▶ _Pictures with short captions_
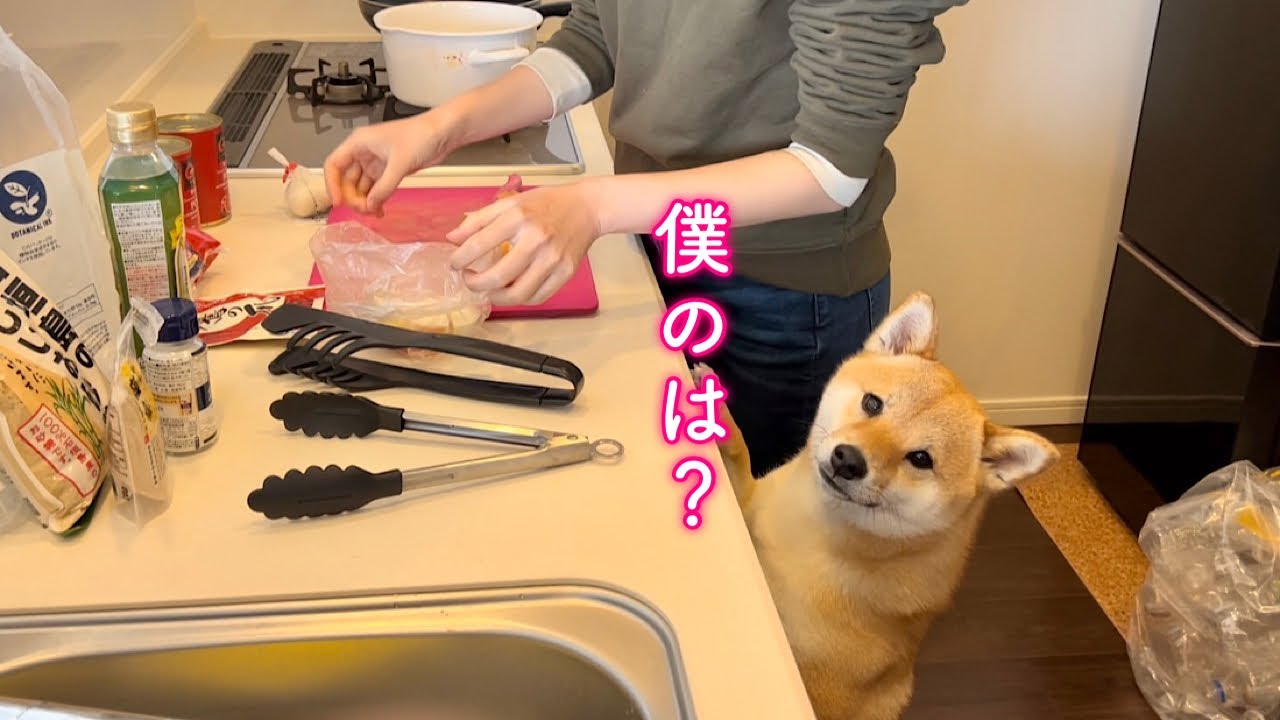 パパがご馳走を作ると聞いてキッチンを覗き込んでくる柴犬が可愛い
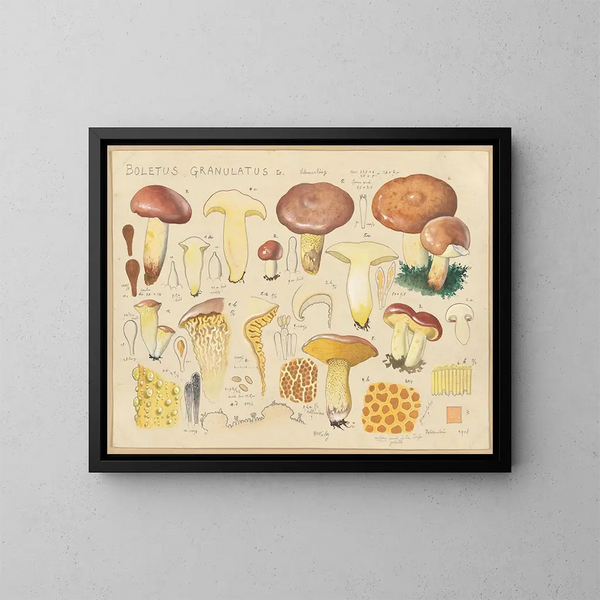 Bolet granuleux - Hans Baldung — framed artwork on a wall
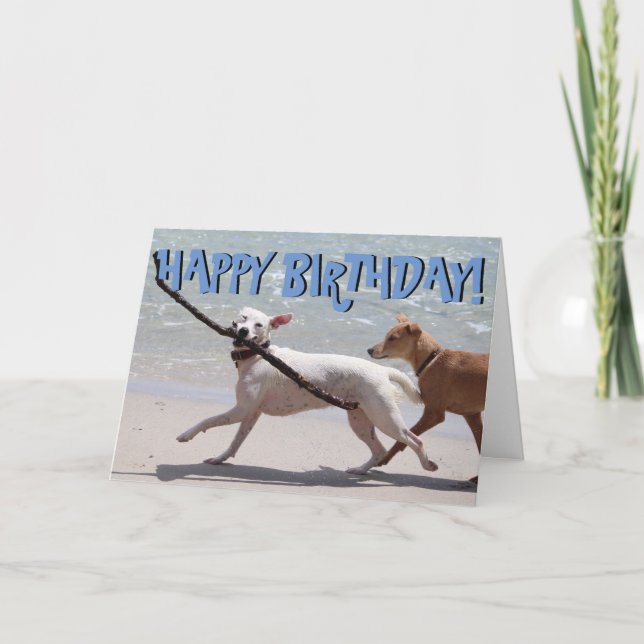 Funny dog with stick birthday card (Front)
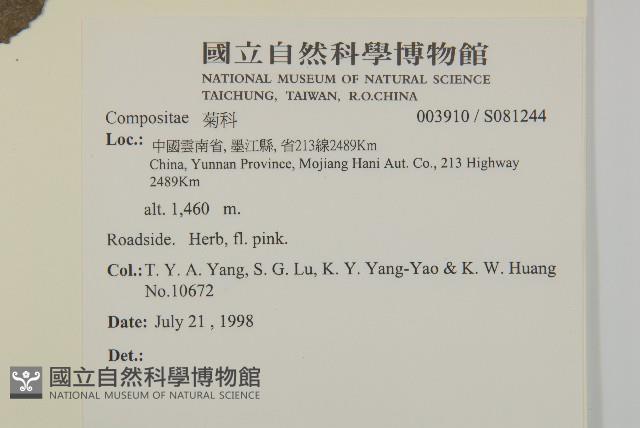 登錄號:S081244藏品圖，第2張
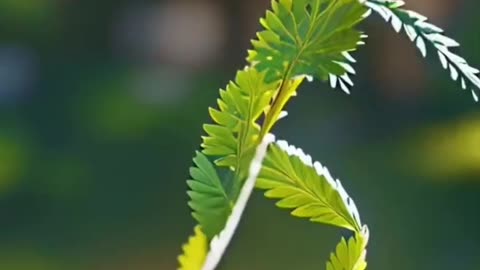 Flower dancing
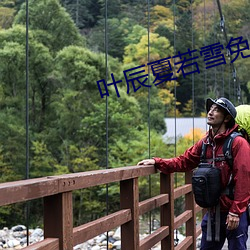 葉辰夏若雪免費最新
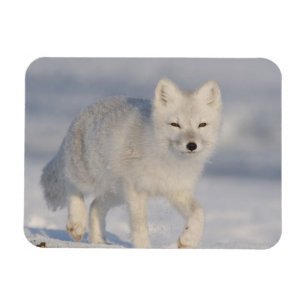Magnet Flexible États-Unis, Alaska, 1002 Plaine côtière de l'ANWR.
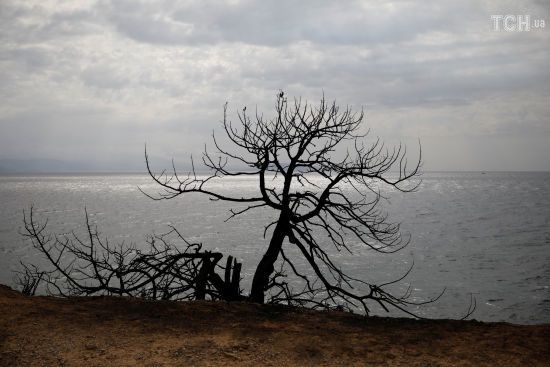  ������ ������� ������ ������� ������ ���������� �������� ������ 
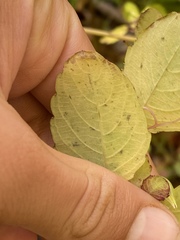Impatiens pallida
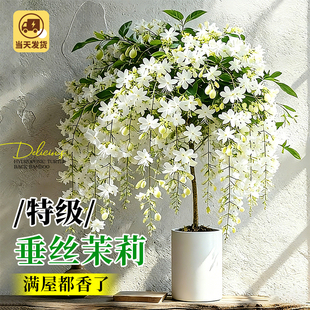 带花苞垂丝茉莉盆栽老桩阳台室内垂吊风车易活四季常青绿植物花卉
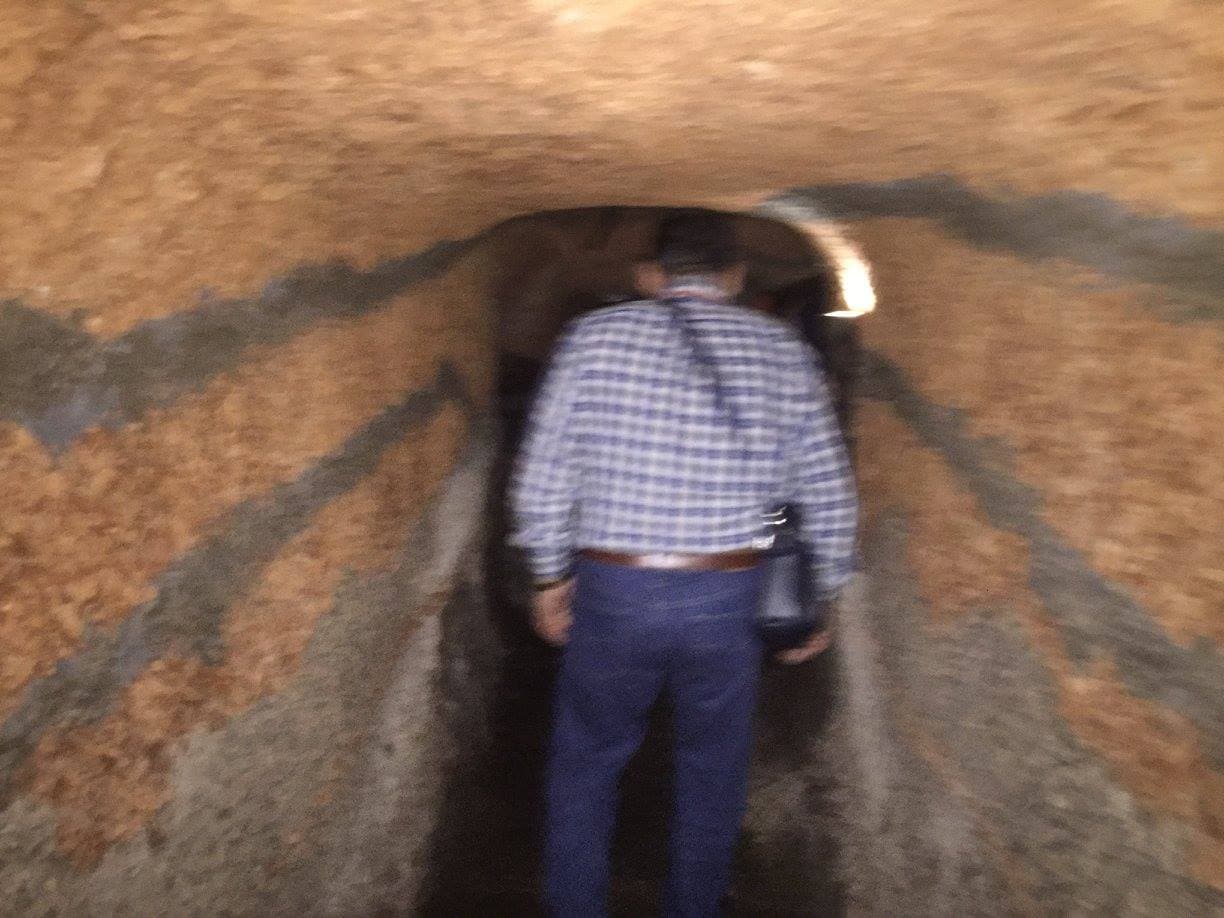 Peregrinación a la Aldea del Rocío 2017 — foto 10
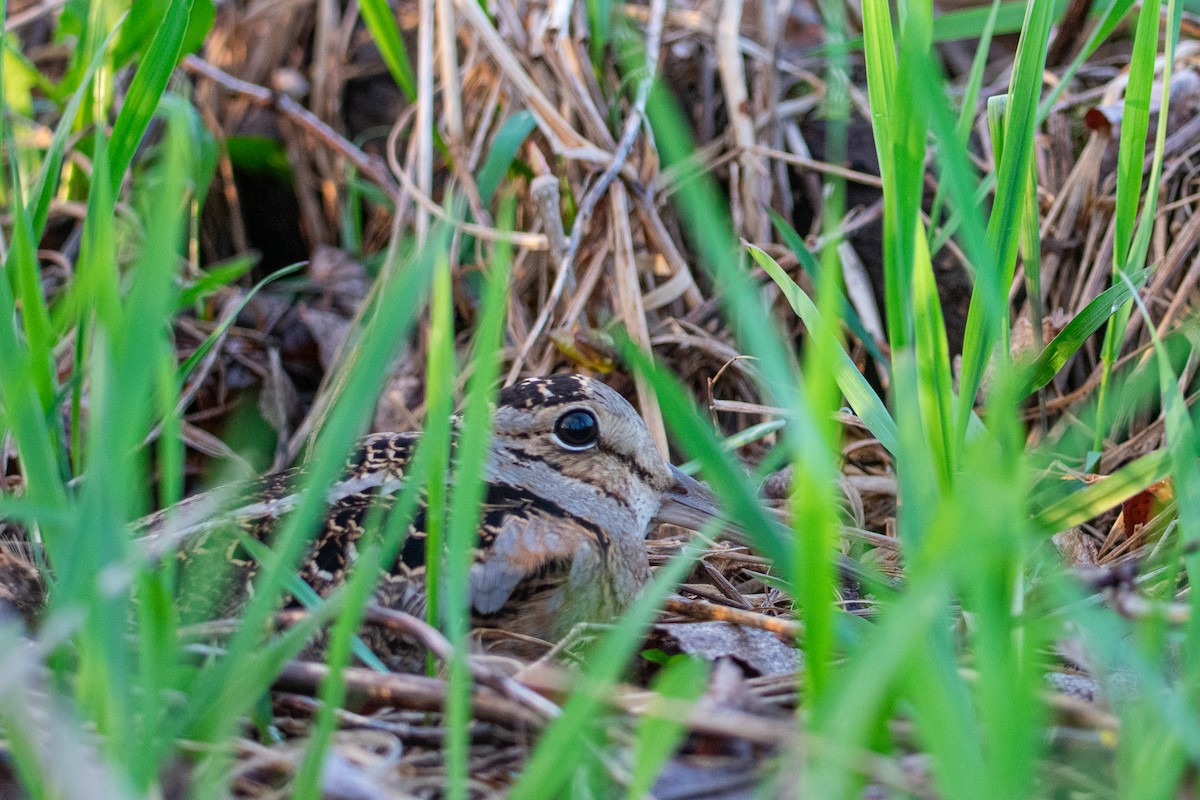 American Woodcock - ML634635236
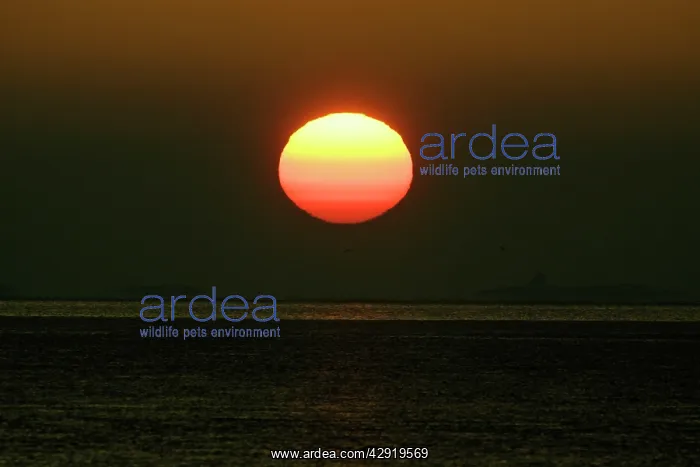 : Sunrise - over the North Sea : Sunrise - over the North Sea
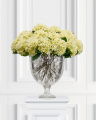 Hydrangea Cut Flower White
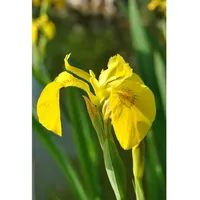 Pflanzen Für Dich Iris pseudacorus P 0,5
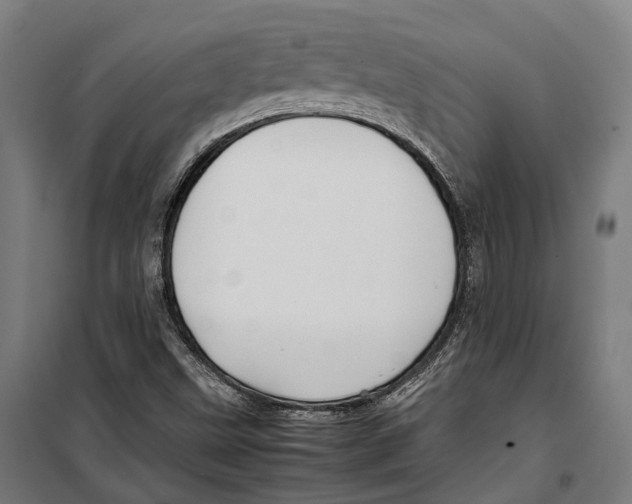 X0000099941499200806201108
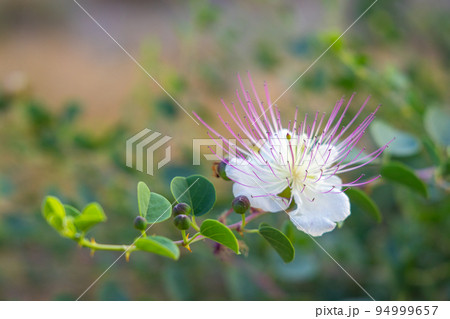 Flinders rose (Capparis spinosa) flower. 94999657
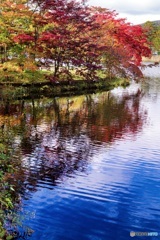 長野県・蓼科湖の紅葉 2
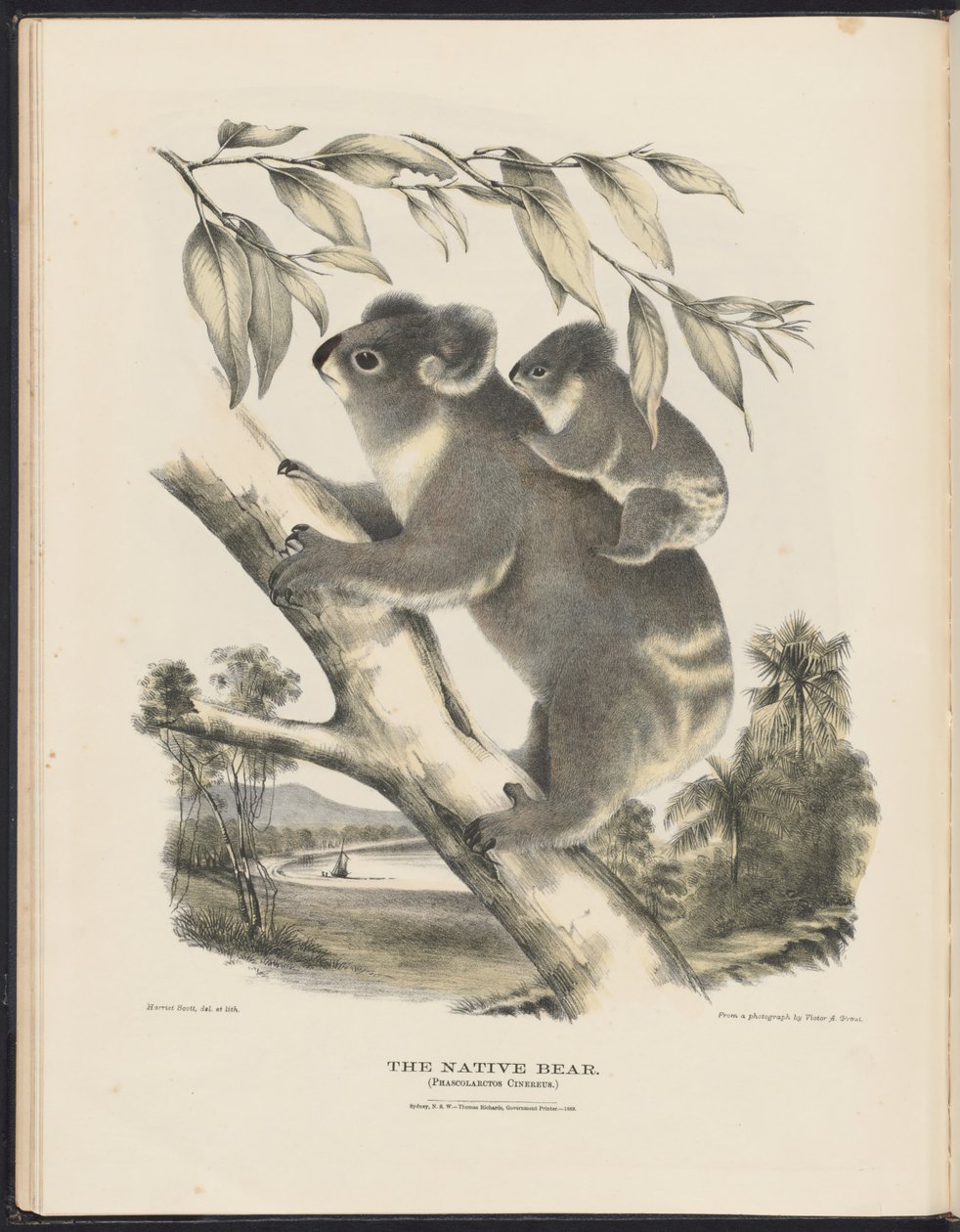 Mammals of Australia (Krefft) Nla.obj-33627803-7 The Native Bear af Harriet Morgan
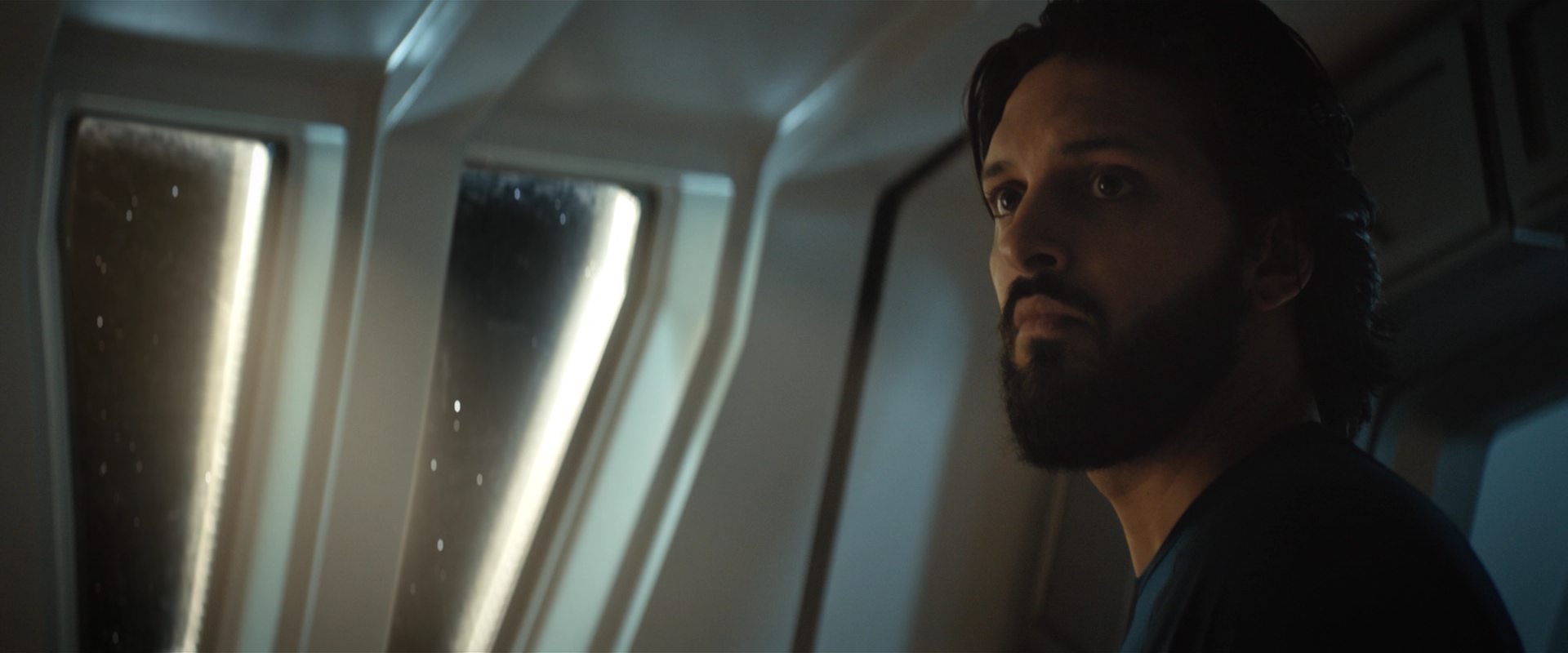 extant_StarTrekDiscovery_2x10-TheRedAngel_00225.jpg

▶ _YOUR INSTRUCTIONS_
A faithful copy of the entries above is needed, one that contains no images.

▶ _ANSWER FOR THIS EXERCISE_
 パパがご馳走を作ると聞いてキッチンを覗き込んでくる柴犬が可愛い
 Bolet granuleux - Hans Baldung — framed artwork on a wall
 Funny dog with stick birthday card (Front)
 登錄號:S081244藏品圖，第2張
 Flower dancing
 葉辰夏若雪免費最新
Magnet Flexible États-Unis, Alaska, 1002 Plaine côtière de l'ANWR.
  ������ ������� ������ ������� ������ ���������� �������� ������ 
Impatiens pallida
 带花苞垂丝茉莉盆栽老桩阳台室内垂吊风车易活四季常青绿植物花卉
 Peregrinación a la Aldea del Rocío 2017 — foto 10
 American Woodcock - ML634635236
 : Sunrise - over the North Sea : Sunrise - over the North Sea
 Hydrangea Cut Flower White
 Pflanzen Für Dich Iris pseudacorus P 0,5
 X0000099941499200806201108
 Flinders rose (Capparis spinosa) flower. 94999657
 長野県・蓼科湖の紅葉 2
 Mammals of Australia (Krefft) Nla.obj-33627803-7 The Native Bear af Harriet Morgan
 extant_StarTrekDiscovery_2x10-TheRedAngel_00225.jpg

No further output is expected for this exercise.